Alamo Grup wycofuje się z zakupu zakładu Ursusa w Dobrym Mieście
Ursus w komunikacie z 30 października 2019 roku poinformowało, że Alamo Group Europe Ltd. zdecydowała się wycofać z zakupu zakładu Ursusa w Dobrym Mieście.
Przypomnijmy, że Alamo Group, amerykański producent maszyn rolniczych, w tym maszyn do koszenia trawy i utrzymania terenów zielonych, na początku czerwca 2019 roku podpisał z Ursusem list intencyjny o zakupi zakładu w woj. warmińsko-mazurskim.
W ramach tej transakcji Amerykanie mieli przejąć od Ursusa nieruchomości, zapasy magazynowe, a nawet prawa własności intelektualnej związanych z produkowanymi w Dobrym Mieście maszynami rolniczymi.
Podczas Walnego Zgromadzenia akcjonariuszy spółki, które zostało zwołane na 4 listopada 2019 roku, sprzedaż zakładu w Dobrym Mieście miała zostać ostatecznie zaakceptowana. Teraz nie ma już kupca.
Prezes Ursusa odchodzi ze stanowiska
Na kilka dni przed tak ważnym Walnym Zgromadzeniem Akcjonariuszy oraz niemal chwilę po wycofaniu się Alamo z zakupu dywizji w Dobrym Mieście, Ursus poinformował także, że Arkadiusz Miętkiewicz, dotychczasowy prezes Ursusa, rezygnuje z dalszego pełnienia funkcji.
Arkadiusz Miętkiewicz podał, że odchodzi ze spółki ze względu osobistych, a 31 października jest ostatnim dniem pełnienia przez niego obowiązków prezesa Ursusa.
Kolejne banki wnioskują o upadłość i natychmiastowe spłacenie długów
Do tej pory upadłości Ursusa domagał się bank PKO BP. Teraz do tego grona dołączył również bank Getin Noble.

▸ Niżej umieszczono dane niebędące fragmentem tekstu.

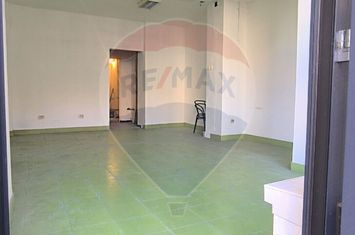 Spațiu comercial de inchiriat anunturi imobiliare Cluj
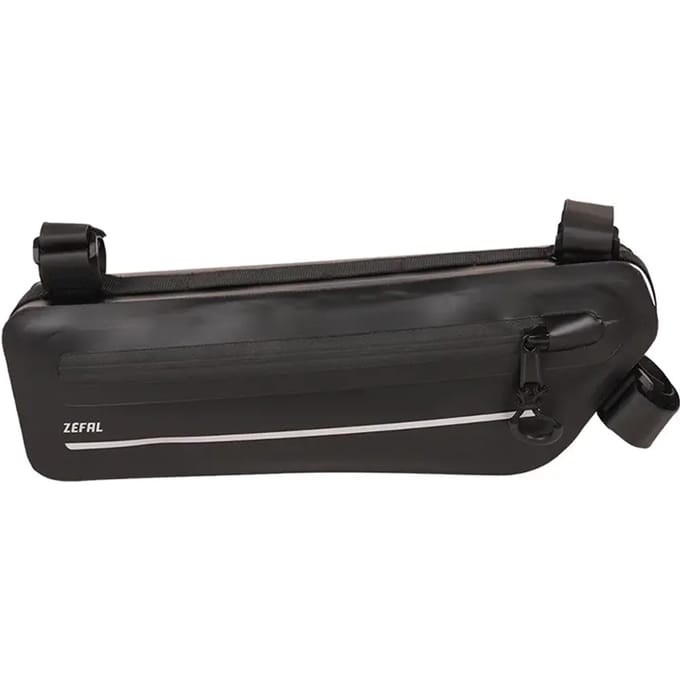 Frametas Zefal Adventure C2 Poly NR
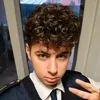 fede10359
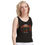 Thumbnail: Metal Multiverse | Organic In Conversion Unisex Tank Top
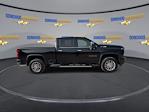 2025 Chevrolet Silverado 2500 Crew Cab 4WD Pickup for sale #78271 - photo 12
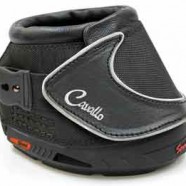 Cavallo Sports Boot [pair]
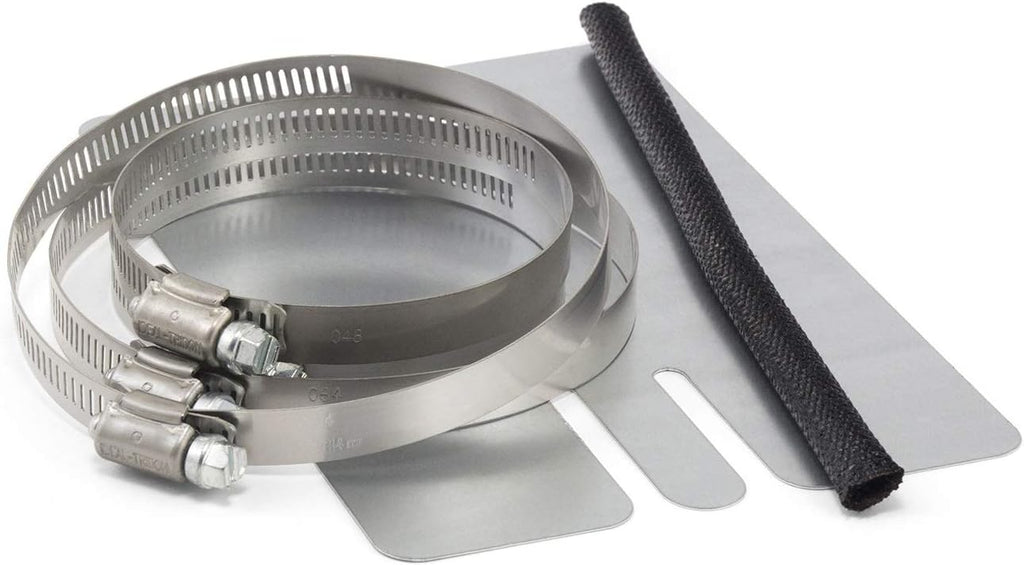 Air Suspension Kit V733665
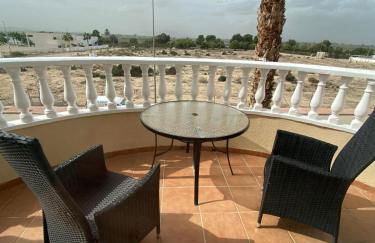 Casa Klaus - Foto 12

Producenta ciągników i maszyn rolniczych przed bankructwem chroniło jedynie wszczęte postępowanie restrukturyzacyjne. Jednak to za chwilę może wygasnąć.

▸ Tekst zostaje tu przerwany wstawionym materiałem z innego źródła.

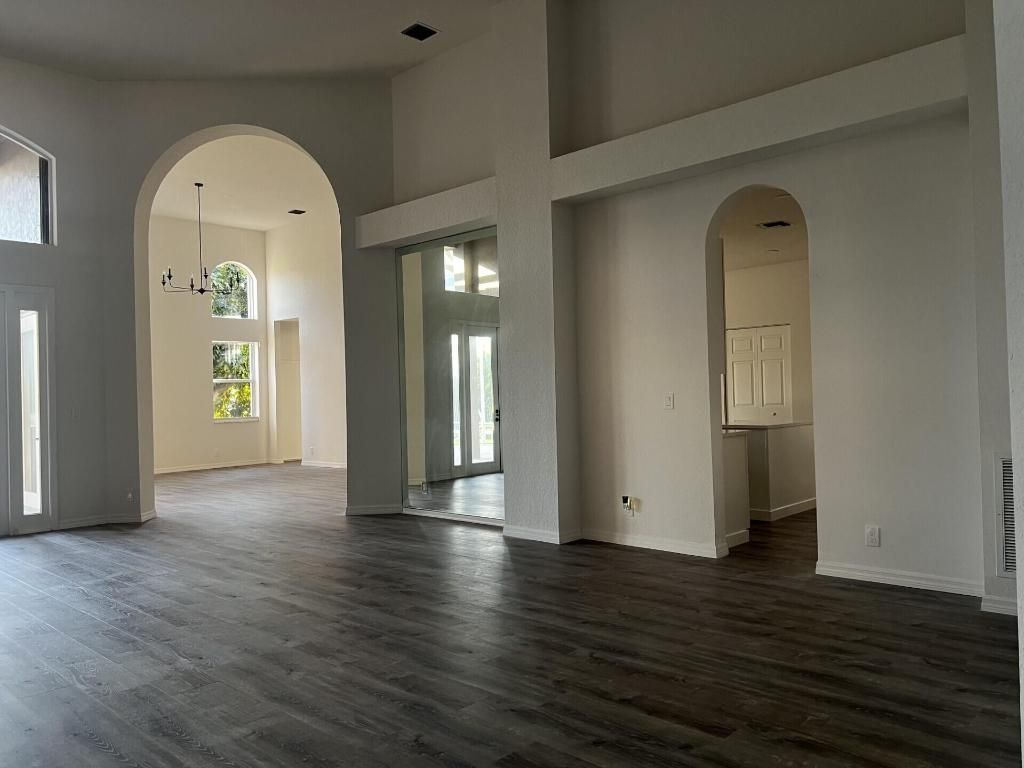 11174 Winding Pearl Way, Wellington, FL 33414 Photo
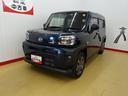 （石川県）の中古車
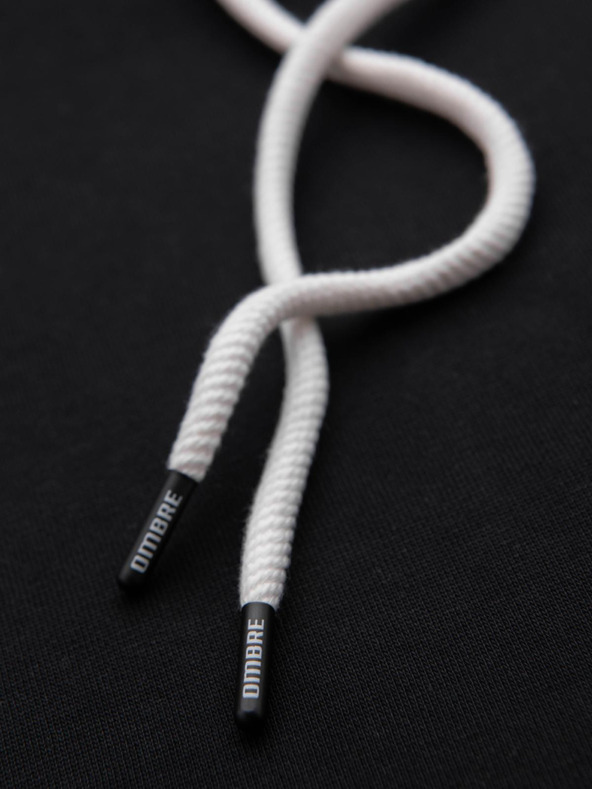 Ombre Clothing Pulover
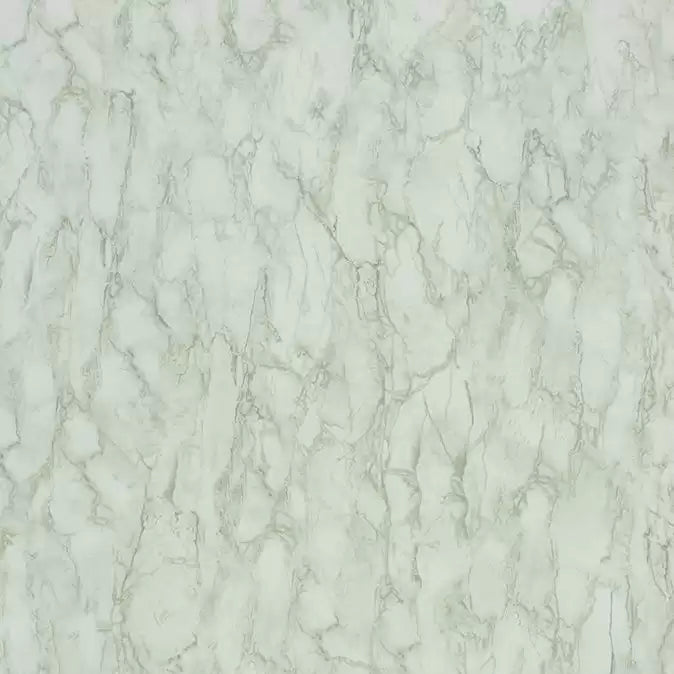 DWCY-900461 Kershaw Plain 05 Seafoam Green designer-wallcoverings-los-angeles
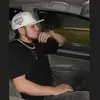 darwinarnoldocesp - @darwinarnoldocesp - TikTok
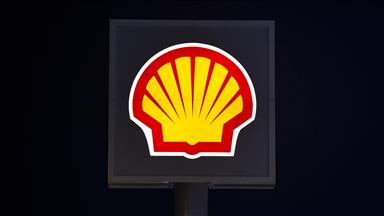 Shell approves new offshore gas project in Nigeria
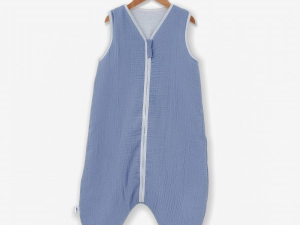 1754999218-72 1754999218-72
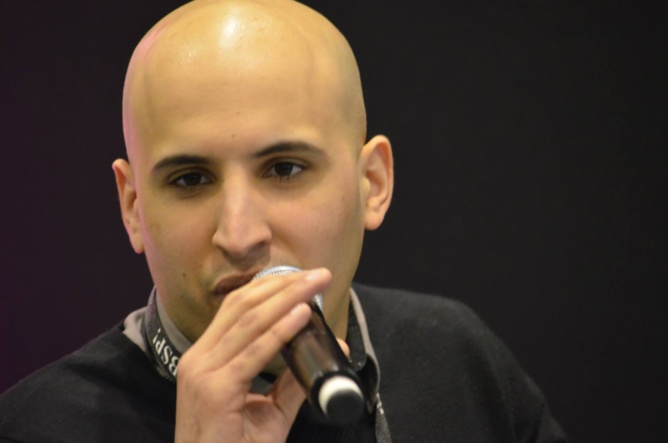 L’enseignement islamique: entretien avec Hocine Kerzazi L’enseignement islamique: entretien avec Hocine Kerzazi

Z kolei Bank Gospodarstwa Krajowego zażądał od Ursusa natychmiastowego spłacenia całego kredytu o wartości niemal 13 mln złotych. Z takim samym żądaniem BGK wystąpił również wobec spółki–córki, czyli Ursus Bus, który musi oddać kredyt o wartości niemal 3,3 mln złotych. Jeśli Ursus i Ursus Bus nie spłacą zadłużenia, to bank wystąpi o zajęcie majątku producenta ciągników i maszyn rolniczych przez komornika.